#### DATA SHOWN

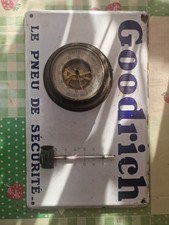 RARISSIME PLAQUE EMAILLEE PNEU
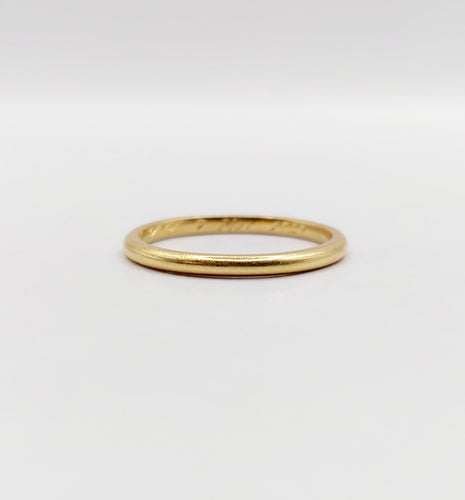 Bague 56 Bague jonc Alliance antique or jaune 18k stacker (circa 1929) 58 Facettes A06009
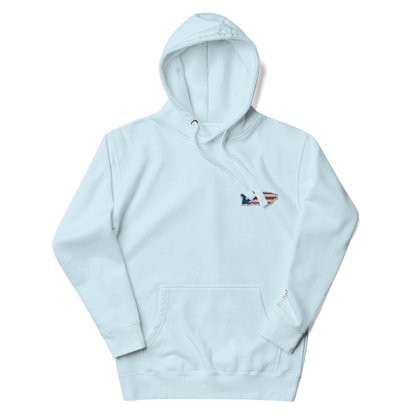 PuertoRico Color Logo embroidered Hoodie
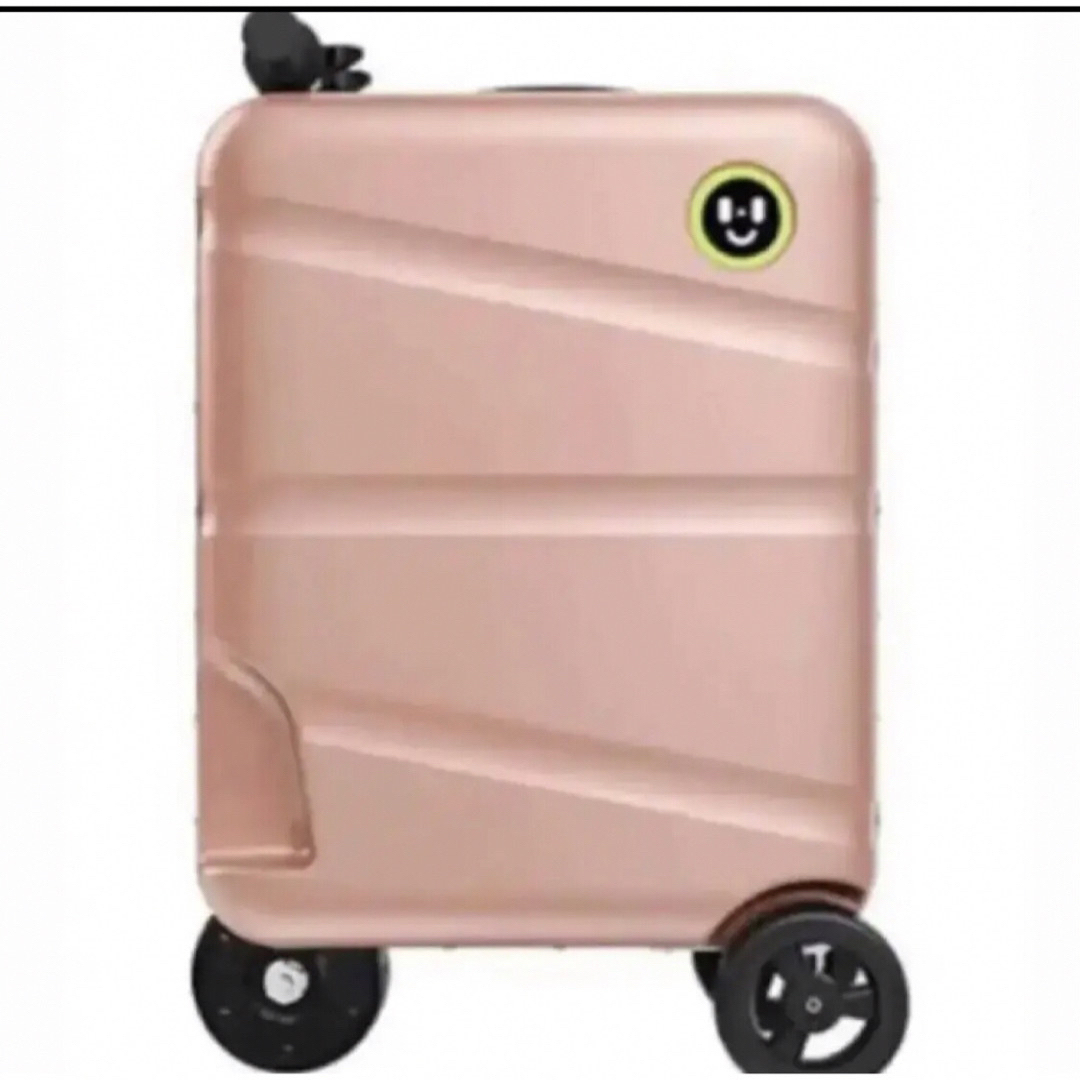 カラーピンクゴルド・ブラック・シルバー　乗れる　電源 HANZON スーツケース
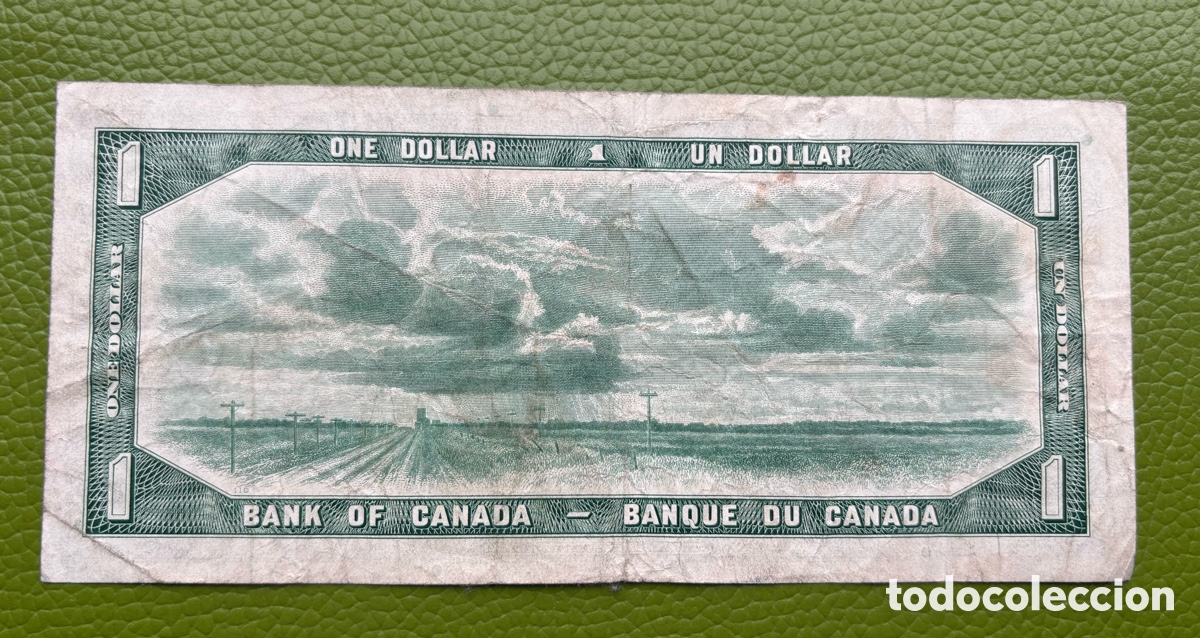 Billetes extranjeros: CANAD&Aacute;. ISABEL II. ONE DOLLAR. (1961/1972) - Foto 2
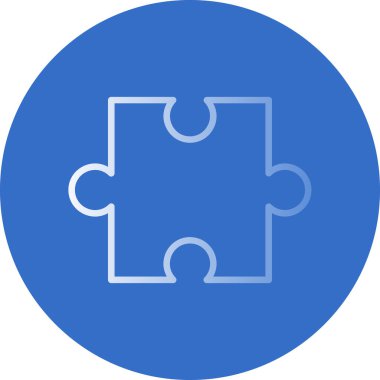 parça bulmaca izole vektör simgesi 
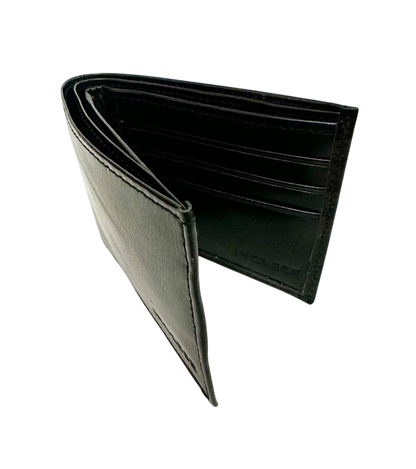 Billetera Cartera Para Caballero 100% Cuero Inglese Negra BI02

########

### REQUIRED ACTION:
Could you output the full set of entries exactly, skipping every picture?

### SOLUTION TO THE EXERCISE:
 RARISSIME PLAQUE EMAILLEE PNEU
 Bague 56 Bague jonc Alliance antique or jaune 18k stacker (circa 1929) 58 Facettes A06009
 PuertoRico Color Logo embroidered Hoodie
 カラーピンクゴルド・ブラック・シルバー　乗れる　電源 HANZON スーツケース
 Billetes extranjeros: CANAD&Aacute;. ISABEL II. ONE DOLLAR. (1961/1972) - Foto 2
 parça bulmaca izole vektör simgesi 
 Billetera Cartera Para Caballero 100% Cuero Inglese Negra BI02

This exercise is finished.